§7. It will be seen that the same general considerations which have led us to regard the executive as normally standing to the legislature in a relation of subordination, also tend to show that the subordination should not go so far---even in matters of internal administration---as to make the legislature practically the supreme executive. For, if this were the case, then the security against oppression, given by its critical supervision of the executive, would be lost: another independent organ would be required to watch and criticise the legislature.

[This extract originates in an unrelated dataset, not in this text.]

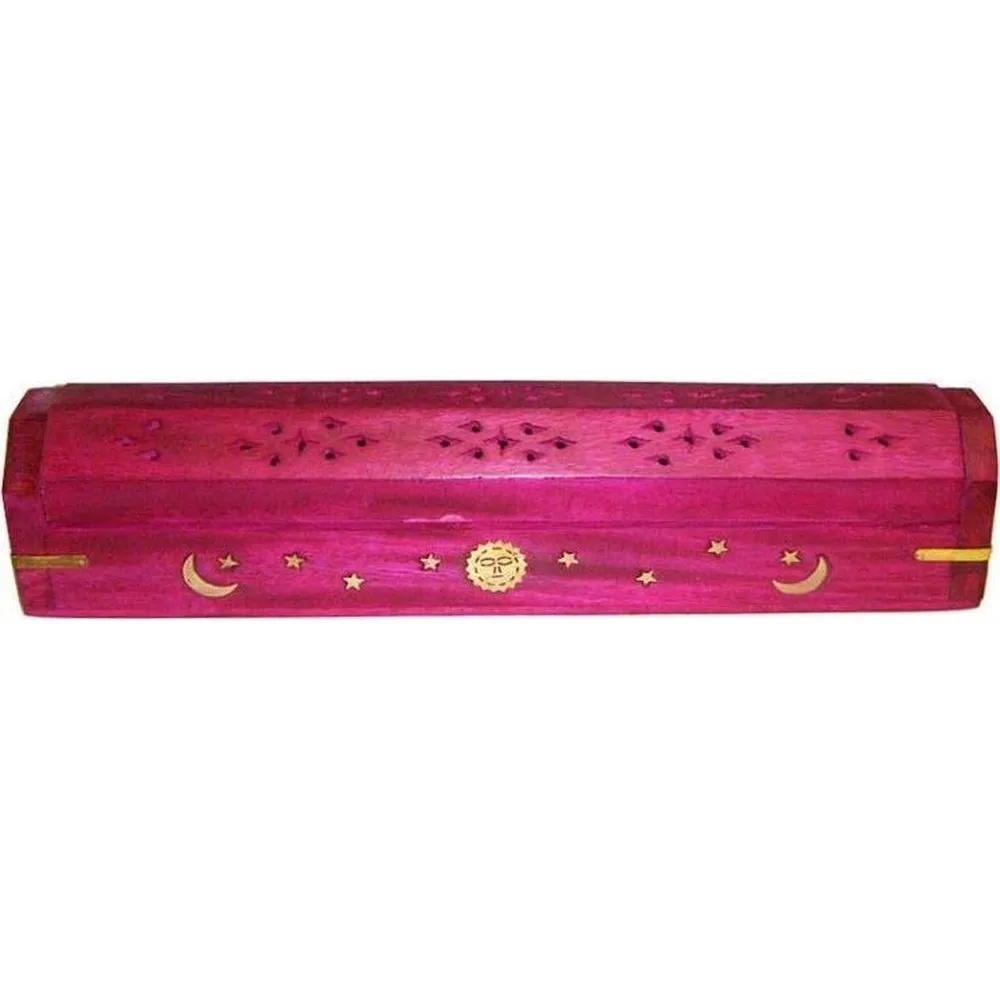 12" Celestial Pink Wood Incense Box Burner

It may perhaps be asked, why should not, in any case, the danger of oppression by the legislature be as formidable and call for as vigilant precautions, as the danger of oppression by the executive? I should answer, first, that the need of guarding against legislative oppression undoubtedly exists, and is---as we shall hereafter see---recognised as a fundamentally important consideration in determining the constitution of the legislature. At the same time the legislative danger seems to be less perpetual and pressing: since, as G. C. Lewis says, ``there is a great difference between deliberate, universal, and avowed, and unpremeditated, particular, and casual rapacity and injustice. Many governments which habitually act towards their subjects in the most oppressive manner would be ashamed to reduce the maxims by which they are in fact guided into the form of a law, and to publish it to their subjects and the whole civilised world.''
It seems then desirable that the executive organ should be not only distinct from the legislature---or at least from that part of the legislature that exercises the function of critical supervision---but also in some degree independent of it: though, as we shall hereafter see, it is a somewhat difficult problem to determine how far this independence should go, or by what means it may best be secured. Similarly, the expediency of keeping the judicial organ separate from and independent of the executive may be inferred from what has been already said of the importance of keeping the executive within the restraints of law: since such restraints can hardly be expected to be effective unless the question whether acts done by executive officials are or are not illegal can be referred---in the last resort---to the judicial decision of some organ distinct from the executive. Whether this organ should be an ordinary law court, or whether a special court should be established to deal with charges brought against executive officials, will be considered in a subsequent chapter (XXIV.).
The expediency of making the judicial organ distinct from and independent of the legislature is no less obvious, so far as the ordinary legislature is bound to conform to constitutional laws which can only be modified by an extraordinary legislature: since in this case---no less than in that of the executive---the obligation of conforming to law cannot be effectually enforced, unless there is a judicial body independent of the legislature, competent to pronounce on the validity of legislation. How far such constitutional limitations on the authority of the ordinary legislature are necessary or desirable will be hereafter considered. Where there are no such limitations---or none having legal force---the need of separating legislative and judicial functions is less obvious. Still, even in this case, it seems clear that if the two functions are given to the same organ, there will be a certain danger of confusion between them, tending to blur the fundamental distinction between the law as it is and the law as it ought to be. It is also important for justice that law should be applied according to an established and impartial method of interpretation: and this result is more likely to be secured if those who apply the law are not responsible for laying it down. Moreover, an independent judiciary gives a security that equal justice will be done in disputes between legislators and private persons. Also the advantages of ``division of labour'' are an important consideration: the work of the judiciary, in an advanced society with a complicated system of law, must require a concentration of energy which will hardly be maintained if the business of legislation is superadded. It may be added, anticipating the result of subsequent discussions, that the kind of organ which, according to the received view in modern States, is best adapted for legislative functions is not well adapted for judicial---or indeed for executive---functions; partly from its size and complexity, partly from its mode of composition.